This Amendment, as currently drafted, seeks to eliminate existing habeas corpus jurisdiction over petitions now pending as well as those to be filed by detainees at Guantánamo Bay. We write because we believe this course of action unwise and contrary to the most fundamental precepts of American constitutional traditions. (…)
The Graham Amendment would dramatically erode our core constitutional commitment to separation of powers. The Amendment consigns the protection of fundamental human liberties to unilateral executive determination under which the Executive chooses the prisoners, chooses the charges, chooses the judges, chooses the punishment – and cuts off judicial review of its determinations. We should not forget the Framers' insight, expressed so eloquently by James Madison in the 47th Federalist Paper, that the "accumulation of all powers, legislative, executive, and judiciary, in the same hands … may justly be pronounced the very definition of tyranny."
The Framers' concerns are borne out by recent events. The abuses documented at Guantánamo and the Abu Ghraib prison, and other U.S. facilities around the world, are reminders of what can happen when Madison's advice is cast aside. Further, were the Amendment enacted, it would undermine the ability to enforce in federal court the pending McCain Amendment. That Amendment, approved by the Senate 90-9, makes it unlawful for any "individual in the custody or under the physical control of the United States Government, regardless of nationality or physical location [to be] subject to cruel, inhuman, or degrading treatment or punishment." The Graham Amendment departs from our commitment to checks-and-balances.
While these law professors quote James Madison, British journalist Andres Sullivan referrs to Winston Churchill's similarly strong words during World War II:
The power of the Executive to cast a man into prison without formulating any charge known to the law, and particularly to deny him the judgement of his peers, is in the highest degree odious and is the foundation of all totalitarian government whether Nazi or Communist.
Robert Novak, however, writes in the Conservative Voice:
"Never in the history of the law of armed conflict," Republican Sen. Lindsey Graham told the Senate Monday, "has a military prisoner, an enemy combatant, been granted access to any court system, federal or otherwise, to have a federal judge come in and start running the prison." Graham's proposal for the third time in American history would suspend habeas corpus, following Abraham Lincoln and Franklin D. Roosevelt.
Slate senior editor Emily Bazelon quotes Senator Graham as saying "It is about military law. I am not changing anything. I am getting us back to what we have done for 200 years." and contends that he is breaking with the law of the last two centuries: "The Supreme Court has heard and granted habeas corpus petitions brought by enemy combatants challenging their detentions since the Civil War:"
Lambdin Milligan was charged with conspiring with the Southern resistance based on allegations that he'd helped to arm the enemy and break prisoners out of jail. He was tried before a military commission and sentenced to hang. When his appeal reached the Supreme Court in 1866—after President Andrew Johnson commuted Milligan's death sentence—the justices unanimously ordered him to be released from military custody. Milligan wasn't just allowed to go to federal court. He won there.

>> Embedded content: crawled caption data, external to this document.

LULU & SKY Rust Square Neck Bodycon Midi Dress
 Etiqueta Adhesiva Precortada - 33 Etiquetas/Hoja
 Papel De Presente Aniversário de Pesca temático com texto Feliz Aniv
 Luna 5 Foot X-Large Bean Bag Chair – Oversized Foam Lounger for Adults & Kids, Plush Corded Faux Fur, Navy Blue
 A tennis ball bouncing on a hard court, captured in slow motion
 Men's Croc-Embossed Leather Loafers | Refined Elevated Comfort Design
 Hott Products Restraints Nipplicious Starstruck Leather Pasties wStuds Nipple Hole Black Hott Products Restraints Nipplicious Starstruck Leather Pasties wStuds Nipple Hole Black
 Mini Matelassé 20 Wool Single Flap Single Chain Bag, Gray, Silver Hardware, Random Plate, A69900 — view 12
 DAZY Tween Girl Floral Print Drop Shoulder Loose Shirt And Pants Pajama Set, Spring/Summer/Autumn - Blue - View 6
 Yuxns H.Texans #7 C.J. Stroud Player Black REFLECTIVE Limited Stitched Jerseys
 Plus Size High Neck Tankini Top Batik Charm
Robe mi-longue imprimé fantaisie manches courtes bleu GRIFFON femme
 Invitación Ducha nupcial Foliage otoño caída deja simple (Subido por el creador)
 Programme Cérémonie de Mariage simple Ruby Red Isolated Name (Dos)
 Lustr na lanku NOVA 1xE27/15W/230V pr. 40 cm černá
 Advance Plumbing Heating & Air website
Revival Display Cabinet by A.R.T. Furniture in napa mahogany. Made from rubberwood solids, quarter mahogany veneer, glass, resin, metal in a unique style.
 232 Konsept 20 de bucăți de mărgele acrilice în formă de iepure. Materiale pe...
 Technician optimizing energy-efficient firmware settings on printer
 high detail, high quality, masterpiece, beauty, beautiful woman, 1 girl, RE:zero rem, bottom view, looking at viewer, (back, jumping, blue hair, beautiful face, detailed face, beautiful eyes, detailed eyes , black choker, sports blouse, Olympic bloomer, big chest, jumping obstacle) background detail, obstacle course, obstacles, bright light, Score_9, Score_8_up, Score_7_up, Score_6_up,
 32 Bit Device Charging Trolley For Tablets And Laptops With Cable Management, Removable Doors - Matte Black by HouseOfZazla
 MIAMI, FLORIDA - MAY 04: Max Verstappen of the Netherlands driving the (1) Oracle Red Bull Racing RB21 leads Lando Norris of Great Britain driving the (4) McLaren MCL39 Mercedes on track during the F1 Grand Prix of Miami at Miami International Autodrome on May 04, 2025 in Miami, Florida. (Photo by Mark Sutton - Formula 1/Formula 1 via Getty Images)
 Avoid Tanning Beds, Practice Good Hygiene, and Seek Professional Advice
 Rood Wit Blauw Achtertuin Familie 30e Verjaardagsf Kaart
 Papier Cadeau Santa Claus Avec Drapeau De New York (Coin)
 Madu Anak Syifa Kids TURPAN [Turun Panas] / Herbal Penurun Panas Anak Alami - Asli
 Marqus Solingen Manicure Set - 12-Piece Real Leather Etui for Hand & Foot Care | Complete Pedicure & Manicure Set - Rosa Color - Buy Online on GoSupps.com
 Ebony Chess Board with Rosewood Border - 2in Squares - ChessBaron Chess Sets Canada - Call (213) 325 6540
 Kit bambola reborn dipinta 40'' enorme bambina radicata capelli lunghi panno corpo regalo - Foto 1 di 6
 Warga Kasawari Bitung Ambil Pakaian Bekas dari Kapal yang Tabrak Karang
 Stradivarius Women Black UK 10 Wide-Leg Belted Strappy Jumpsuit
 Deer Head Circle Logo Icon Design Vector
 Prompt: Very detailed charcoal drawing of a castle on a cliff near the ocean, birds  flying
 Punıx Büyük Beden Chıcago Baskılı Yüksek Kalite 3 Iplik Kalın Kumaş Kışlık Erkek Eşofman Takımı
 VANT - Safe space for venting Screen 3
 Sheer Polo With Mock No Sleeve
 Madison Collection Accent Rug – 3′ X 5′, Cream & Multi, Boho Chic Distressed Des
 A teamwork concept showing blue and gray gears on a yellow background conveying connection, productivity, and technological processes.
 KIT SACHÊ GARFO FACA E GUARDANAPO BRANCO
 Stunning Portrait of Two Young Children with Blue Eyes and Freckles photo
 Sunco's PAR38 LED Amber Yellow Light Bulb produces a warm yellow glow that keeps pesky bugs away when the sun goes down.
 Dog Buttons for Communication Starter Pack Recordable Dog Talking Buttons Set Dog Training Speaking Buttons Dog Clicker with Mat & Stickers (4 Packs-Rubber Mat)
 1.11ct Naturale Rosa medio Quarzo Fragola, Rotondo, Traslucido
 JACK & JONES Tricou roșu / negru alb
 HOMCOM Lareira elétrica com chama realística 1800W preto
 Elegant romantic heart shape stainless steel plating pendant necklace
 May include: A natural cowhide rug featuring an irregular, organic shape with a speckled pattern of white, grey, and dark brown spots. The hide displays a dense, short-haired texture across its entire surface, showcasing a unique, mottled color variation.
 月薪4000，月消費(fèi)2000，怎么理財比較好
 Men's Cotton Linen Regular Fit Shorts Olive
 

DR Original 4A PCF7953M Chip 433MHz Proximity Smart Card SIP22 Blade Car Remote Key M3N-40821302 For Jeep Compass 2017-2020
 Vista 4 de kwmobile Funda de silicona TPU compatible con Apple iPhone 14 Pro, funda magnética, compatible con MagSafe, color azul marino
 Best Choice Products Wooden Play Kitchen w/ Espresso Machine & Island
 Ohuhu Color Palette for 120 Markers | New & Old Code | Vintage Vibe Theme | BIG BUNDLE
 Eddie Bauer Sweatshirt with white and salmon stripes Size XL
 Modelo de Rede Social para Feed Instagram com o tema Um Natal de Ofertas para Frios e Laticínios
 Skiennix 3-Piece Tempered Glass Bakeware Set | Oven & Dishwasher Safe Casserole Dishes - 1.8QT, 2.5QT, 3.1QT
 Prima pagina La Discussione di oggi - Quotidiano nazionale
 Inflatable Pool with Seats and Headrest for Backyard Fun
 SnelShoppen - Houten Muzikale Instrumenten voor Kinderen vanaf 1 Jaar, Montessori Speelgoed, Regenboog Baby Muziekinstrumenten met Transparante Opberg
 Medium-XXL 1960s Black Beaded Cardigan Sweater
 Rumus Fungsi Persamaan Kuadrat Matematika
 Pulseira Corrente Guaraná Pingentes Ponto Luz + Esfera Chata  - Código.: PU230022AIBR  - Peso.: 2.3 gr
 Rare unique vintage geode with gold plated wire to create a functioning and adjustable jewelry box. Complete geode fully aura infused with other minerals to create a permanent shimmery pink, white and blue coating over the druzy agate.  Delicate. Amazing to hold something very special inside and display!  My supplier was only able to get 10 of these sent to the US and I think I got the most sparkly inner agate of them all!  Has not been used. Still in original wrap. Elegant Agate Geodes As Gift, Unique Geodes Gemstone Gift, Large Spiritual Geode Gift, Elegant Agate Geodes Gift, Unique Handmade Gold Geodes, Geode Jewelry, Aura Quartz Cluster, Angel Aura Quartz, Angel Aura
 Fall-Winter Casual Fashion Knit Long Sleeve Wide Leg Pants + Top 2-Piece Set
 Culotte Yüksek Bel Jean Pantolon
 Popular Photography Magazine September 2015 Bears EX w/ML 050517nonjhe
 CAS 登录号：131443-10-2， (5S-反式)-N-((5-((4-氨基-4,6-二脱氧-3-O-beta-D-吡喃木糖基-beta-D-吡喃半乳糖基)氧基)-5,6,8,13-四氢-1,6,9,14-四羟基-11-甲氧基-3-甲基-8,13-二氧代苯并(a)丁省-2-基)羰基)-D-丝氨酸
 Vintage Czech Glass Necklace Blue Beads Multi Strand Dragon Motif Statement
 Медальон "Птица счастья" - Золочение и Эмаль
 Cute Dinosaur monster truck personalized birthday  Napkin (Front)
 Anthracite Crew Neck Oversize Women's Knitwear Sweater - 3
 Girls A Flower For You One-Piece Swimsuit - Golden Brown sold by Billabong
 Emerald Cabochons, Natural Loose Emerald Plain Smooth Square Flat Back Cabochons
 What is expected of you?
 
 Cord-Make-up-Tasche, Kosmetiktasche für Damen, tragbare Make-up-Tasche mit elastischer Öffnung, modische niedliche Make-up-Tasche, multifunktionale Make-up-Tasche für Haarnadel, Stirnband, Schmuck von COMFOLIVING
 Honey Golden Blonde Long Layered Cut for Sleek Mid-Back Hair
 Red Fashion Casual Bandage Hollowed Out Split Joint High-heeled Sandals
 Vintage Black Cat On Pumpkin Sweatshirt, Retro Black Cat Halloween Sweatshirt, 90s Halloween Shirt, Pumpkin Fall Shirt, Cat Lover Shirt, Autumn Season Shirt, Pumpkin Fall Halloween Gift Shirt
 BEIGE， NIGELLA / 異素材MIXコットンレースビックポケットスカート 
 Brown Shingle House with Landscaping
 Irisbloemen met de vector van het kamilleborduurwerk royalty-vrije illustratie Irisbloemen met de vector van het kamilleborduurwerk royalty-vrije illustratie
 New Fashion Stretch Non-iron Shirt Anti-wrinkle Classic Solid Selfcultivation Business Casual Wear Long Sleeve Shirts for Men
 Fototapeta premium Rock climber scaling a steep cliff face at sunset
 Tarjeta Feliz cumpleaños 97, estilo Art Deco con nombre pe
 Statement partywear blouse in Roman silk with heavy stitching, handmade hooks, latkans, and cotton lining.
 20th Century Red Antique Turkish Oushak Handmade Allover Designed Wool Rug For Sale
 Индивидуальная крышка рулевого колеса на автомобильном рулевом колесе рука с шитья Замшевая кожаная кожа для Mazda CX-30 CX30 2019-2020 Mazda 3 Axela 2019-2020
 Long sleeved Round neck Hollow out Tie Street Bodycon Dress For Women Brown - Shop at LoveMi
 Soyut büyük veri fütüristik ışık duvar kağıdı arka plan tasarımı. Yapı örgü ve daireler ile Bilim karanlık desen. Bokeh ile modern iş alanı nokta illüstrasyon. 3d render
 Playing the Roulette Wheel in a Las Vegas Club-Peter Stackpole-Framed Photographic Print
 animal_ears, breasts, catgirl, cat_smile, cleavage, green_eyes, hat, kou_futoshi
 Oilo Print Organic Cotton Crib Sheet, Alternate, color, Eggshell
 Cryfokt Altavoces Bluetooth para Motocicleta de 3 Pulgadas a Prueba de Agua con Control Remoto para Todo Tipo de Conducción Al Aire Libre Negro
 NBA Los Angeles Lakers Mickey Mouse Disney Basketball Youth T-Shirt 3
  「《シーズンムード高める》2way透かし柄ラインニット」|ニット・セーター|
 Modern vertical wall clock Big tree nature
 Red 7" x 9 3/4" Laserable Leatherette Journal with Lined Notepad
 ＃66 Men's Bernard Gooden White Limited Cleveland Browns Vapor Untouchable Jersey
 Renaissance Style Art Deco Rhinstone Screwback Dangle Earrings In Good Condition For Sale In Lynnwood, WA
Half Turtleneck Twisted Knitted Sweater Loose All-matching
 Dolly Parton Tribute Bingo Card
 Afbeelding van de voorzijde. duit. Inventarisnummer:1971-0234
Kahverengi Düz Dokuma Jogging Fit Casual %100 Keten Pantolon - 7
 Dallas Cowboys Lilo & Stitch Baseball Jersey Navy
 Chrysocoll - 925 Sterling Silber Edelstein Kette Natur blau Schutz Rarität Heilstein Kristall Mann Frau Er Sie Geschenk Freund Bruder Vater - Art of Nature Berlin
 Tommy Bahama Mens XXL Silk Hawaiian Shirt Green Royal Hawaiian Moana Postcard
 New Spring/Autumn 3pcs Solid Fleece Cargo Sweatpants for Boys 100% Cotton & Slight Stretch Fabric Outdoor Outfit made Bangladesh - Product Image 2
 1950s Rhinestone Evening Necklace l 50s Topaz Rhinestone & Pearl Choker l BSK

In 1942, eight Nazi saboteurs were captured in the United States along with evidence that they planned to blow up bridges and tunnels in major cities. Bush administration lawyers have argued that the saboteurs' case, Ex Parte Quirin, supports the power of the president to set up military commissions to try the Guantanamo detainees. The court's opinion in Quirin did recognize military commissions for the trial of "offenses against the law of war not ordinarily tried by courts martial." But the court said that President Franklin Roosevelt's decision to establish a commission could not bar "consideration by the courts" of the saboteurs' contention that the Constitution forbade their trial. In 2004, the Rehnquist Court followed up on this lead, making way for the Guantanamo detainees to bring the habeas petitions they have since filed.
Hat tip to Obsidian Wings.
TalkLeft links to seventeen myths and distortions about the Graham amendment, collected and countered by The Center for Constitutional Rights.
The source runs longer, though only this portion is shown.